Moreover, the U.S. military should not just wait to have the warning of a Taiwan amphibious assault to then act, he said.
“I think that part of the problem is a larger one where frankly it is hard to get a lot of attention to certain kinds of scenarios,” Adm. Studeman said. “We, in the United States, see war as a historical anomaly. For the Chinese, Russians, Iranians, every day is a day of war in terms of the continuous struggle for advantage and disadvantage for influence. This is where we may be failing to see the real danger.”
He urged leaders to shift their thinking from 10, 15 or even five years ago, and instead understand China’s dream is to be a leading power and “the” only leading power, “surpassing the United States by almost any measure.” Leaders must comprehend and add the necessary U.S. infrastructure and investment needed.
“We must come to terms with the idea of how much awareness and sensing and analysis and production we need to do to provide better understanding of exactly where there may be approach points across key terrain countries and be able to understand developments in time to muster up action on our side whether it is informing, advising, shaping, influencing, but doing it in time to make a difference,” the J-2 said.
Adm. Studeman also warned that China can further its control domestically, growing its already capable control system in use by the People’s Armed Police, the Ministry of State Security and its other institutions. He marveled at the way in which China has since put its institutions in place to conduct widespread command and control and push out many simultaneous efforts.
“It is simply the way that they have structured themselves,” he said. “It is a monolithic society.
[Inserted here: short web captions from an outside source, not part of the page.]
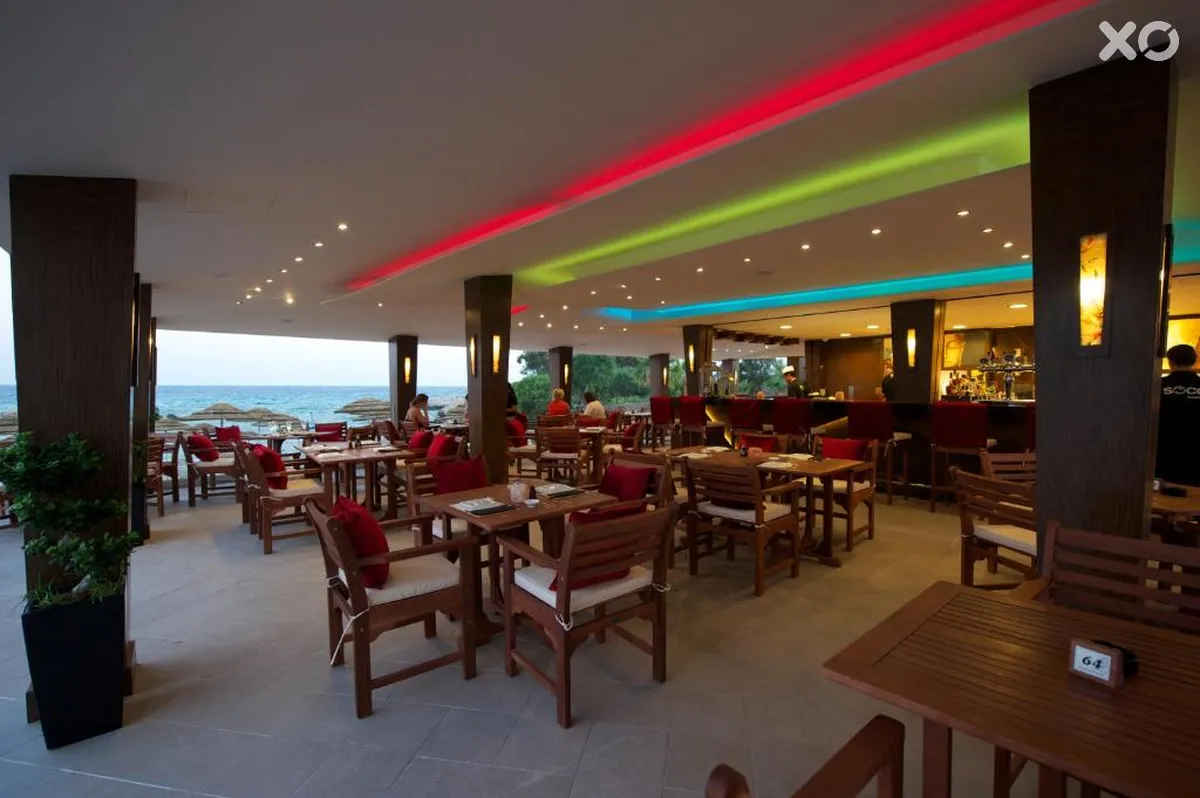 Adams Beach Deluxe Wing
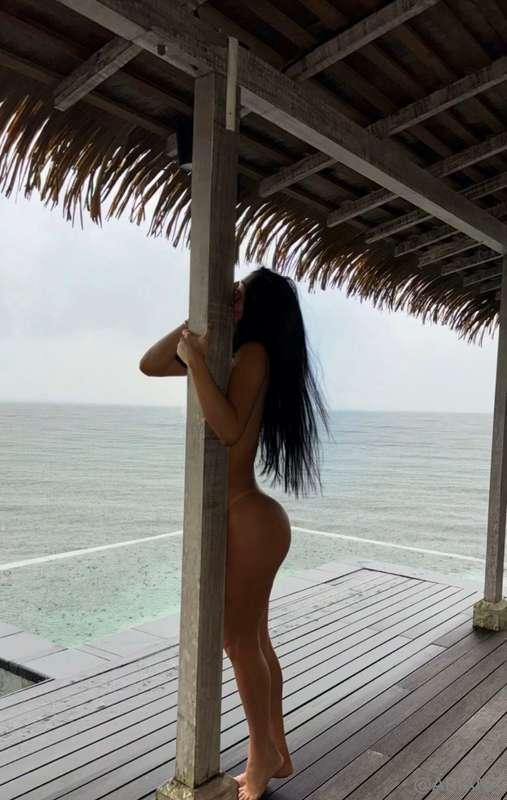 Another day in paradise ☁️ did you check your dms? 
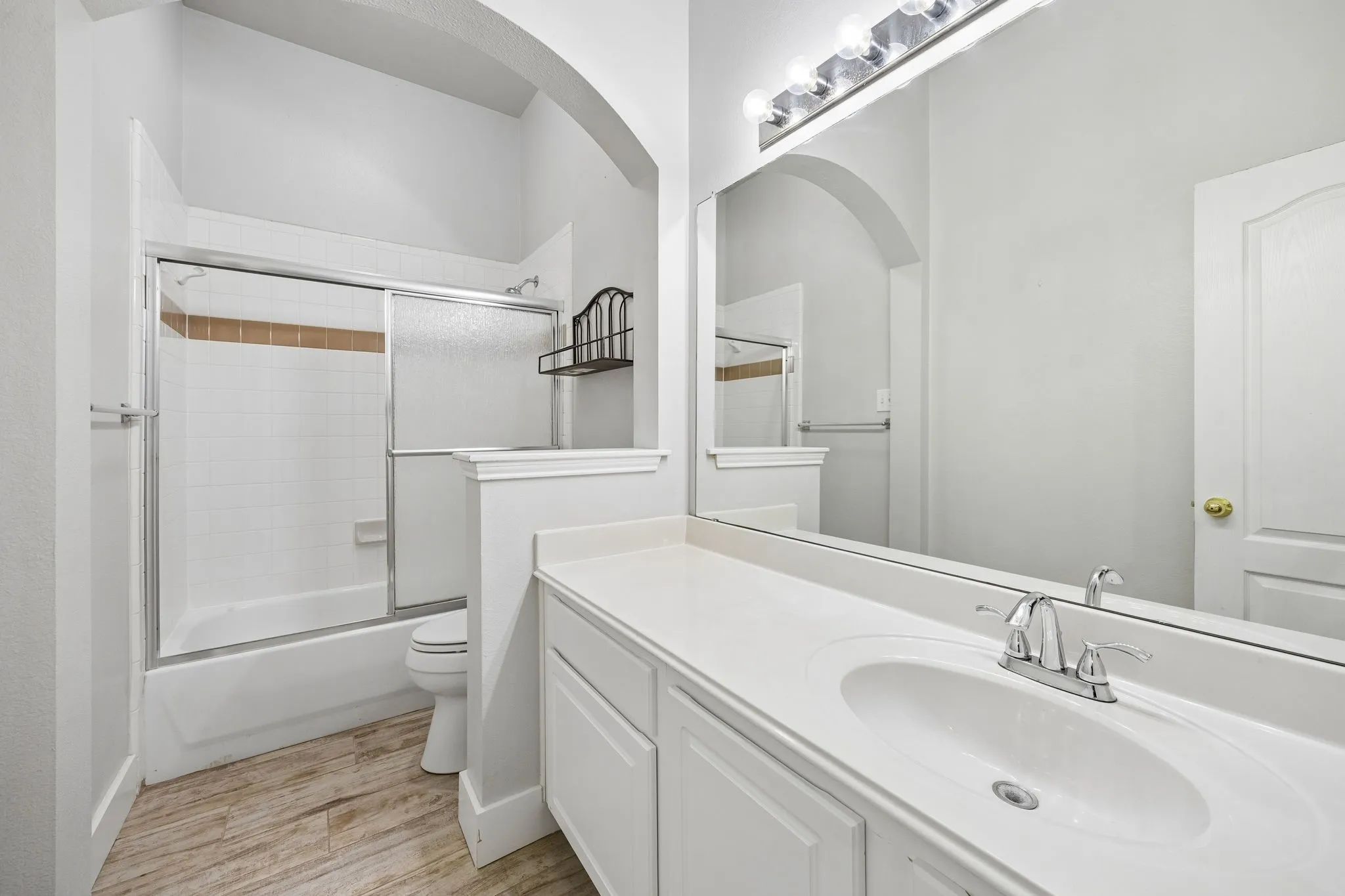 Single Family Residence For Sale in Rockwall County , 1305 Stanford Drive, Rockwall, Texas 75087, 4 Bedroom, 2 Bathroom, 2 Garage spaces, 2,501 Sqft, built in 2003, mls#21271288, Real Estate Agent in Rockwall, Homes For Sale in Rockwall county, Homes For Sale in Rockwall, Realtor in Rockwall Texas, Real Estate Brokerage Independent Realty Texas, Luminita Cordes Realtor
There is a strong capability for them to do even more, whether you are talking Xiong'an or Hong Kong, those are emblematic of areas where the Chinese have essentially attempted to get ‘effective control.’ And this is a foreshadowing of what Chinese effective control will look like in other places. China is using the same techniques to establish effective control over the line of actual control with India or in the areas around Buton, which has not had a lot of press but should.”
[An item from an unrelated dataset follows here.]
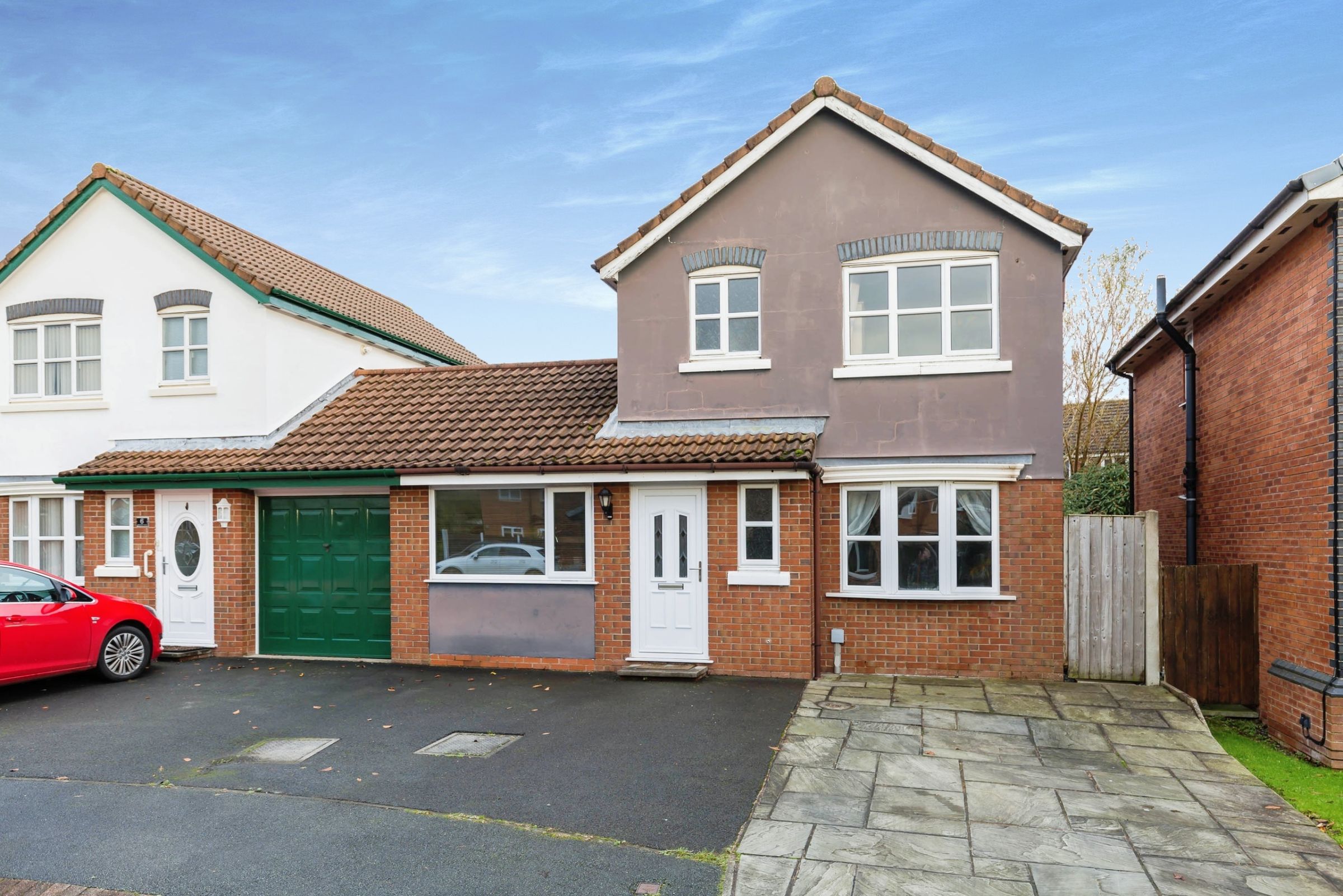 4 bed linkdetached house for sale in Meadow Vale, Leyland, Lancashire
He noted that India is strategically moving away from some of the alignments it has had with China, and that “there has been a warming” with the United States and other countries in the region. “We are working with them on a number of different fronts,” Adm. Studeman offered. “We have a shared interest in the dangers that China has presented. There are a lot more steps we can take along the road to strengthening the relationship with India, but it is stronger perhaps than it has ever been today. We do not intend to push beyond what New Delhi is willing to do. We very much respect where India is in their strategic interests.
“We have an obligation to make sure that we are increasing our preparedness every day for things that are happening in our theater now that are either advantageous to us or disadvantageous to us,” he concluded. “The accumulation of those advantages or disadvantages are very meaningful. That is the importance of readiness for a combat environment but also readiness for the day-to-day competition.”